Il cambio di palco che segue lo spettacolo degli inglesi è il più lungo della serata: da dietro il sipario chiuso possiamo assistere ad un grande lavoro intorno all’impianto luci, davvero imponente e superiore agli standard proposti dal Transilvania. Nel frattempo, pur tra qualche problema tecnico, i diffusori del locale ci permettono di ascoltare in anteprima quello che sarà il nuovo progetto di Vorph e Xy, leaders dei Samael: Era One, così si chiamerà, consiste in un dark elettronico gelido ed estremamente robotico, come se ai pezzi più “freddi” di Eternal fossero state tolte le chitarre ed aggiunti arrangiamenti tra Coil ed Aphex Twin. Questa è naturalmente solo una prima impressione, influenzata anche dalla brevità degli spezzoni proposti e sicuramente da rivedere con un ascolto completo!
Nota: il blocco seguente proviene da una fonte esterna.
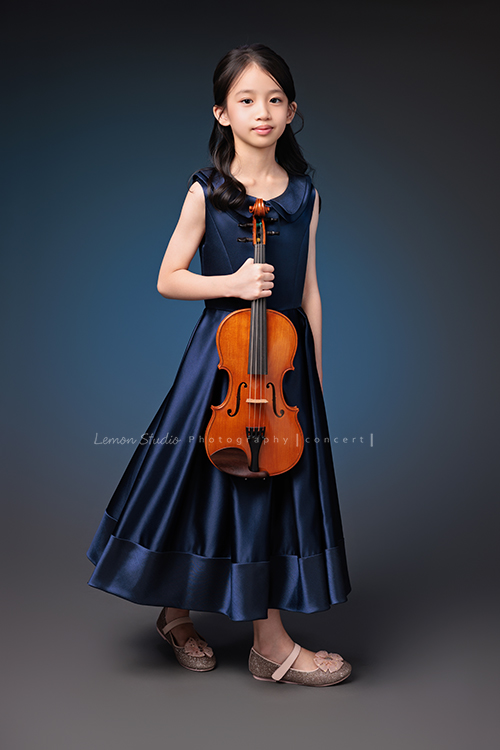 Yvonne 帶著小提琴走進鏡頭，深藍小禮服襯出她的氣質與靜謐，簡單又典雅，她不特意擺姿勢，每一張都自然又有味道，這張是Yvonne站著一手拿著小提琴在身體前方，很自然地看著鏡頭微笑的音樂寫真照！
E l’ingresso della band è degno dell’attesa dei fans: tra giochi di luce ed applausi della gente la band prende posizione sul palco e si appresta ad iniziare il concerto. Ma subito c’è una sorpresa: il cantante/chitarrista Vorph si presenta infatti con delle stampelle e dovrà suonare per tutto il tempo da seduto a causa della rottura di una gamba una decina di giorni prima dell’inizio del tour; l’effetto sarà particolare e toglierà molto alla fisicità del live, ma senza penalizzare più di tanto l’ottima resa della band.
Parte l’intro e ciò che colpisce subito è la grande apparecchiatura di cui è dotato il gruppo: oltre al già citato impianto luci, infatti, il tastierista/batterista Xy si destreggia dietro ad un insieme di pad elettronici, sintetizzatori e campionatori, dietro ai quali si staglia un telone su cui verranno proiettate immagini astratte in sincronia con la musica. Uno spettacolo, decisamente, che non si vedeva dai tempi dei Tiamat di “Wildhoney”.

   

La band attacca subito con l’opener dell’ultimo Eternal (ormai vecchio di 4 anni), Year Zero, e mostra immediatamente di essere affiatata e carica al punto giusto. Il nuovo chitarrista Makro sembra essersi integrato alla perfezione nel gruppo ed il bassista Masmiseim è sempre la solita molla sulla sinistra del palco, non sta fermo un secondo e nonostante ciò non sbaglia nulla.
A seguire vengono proposti quasi per intero i due ultimi dischi della band, l’acclamatissimo Passage e, appunto, Eternal, con solo qualche breve excursus nel passato “black” dei Samael: tra i pezzi riusciti meglio sicuramente The Cross, Jupiterian Vibe e la terremotante Rain. Vorph canta col suo solito timbro sporco e malvagio, ma molto espressivo, e riesce a tenere in pugno il pubblico accorso per la sua band anche standosene seduto su uno sgabello; tuttavia la sensazione è che comunque vorrebbe esprimersi in tutt’altre condizioni, come ad un certo punto accenna anche esplicitamente.
Canzoni come Liquid Soul Dimension, Infra Galaxia (con effetti luce suggestivi, sembrava di “vedere” le atmosfere evocate dal pezzo) e The ones who came before colpiscono nel segno, accompagnandoci tra visioni apocalittiche e fantascientifiche, tra violenza e pura atmosfera; non sempre poi il messaggio comunicato dalla band è negativo, e lo dimostra ad esempio la bellissima Together, cantata in coro dal pubblico.

  

In sostanza un concerto che ripaga in gran parte l’attesa dei Samael-fans dal lontano 1997, quando il gruppo aveva supportato i Moonspell di “Wolfheart” in una data milanese risultando però penalizzati da una serie incredibile di problemi tecnici agli strumenti elettronici e destando quindi un’impressione abbastanza negativa in chi non li conosceva precedentemente; qui il gruppo ha potuto invece disporre di tutti i mezzi necessari all’ottima riuscita del concerto e ha saputo sfruttare benissimo l’occasione, nonostante la sfortuna che sembra comunque perseguitare la band nelle sue tournèe. Complimenti quindi davvero a tutti, speriamo di non dover aspettare altri 6 anni per un loro concerto in Italia!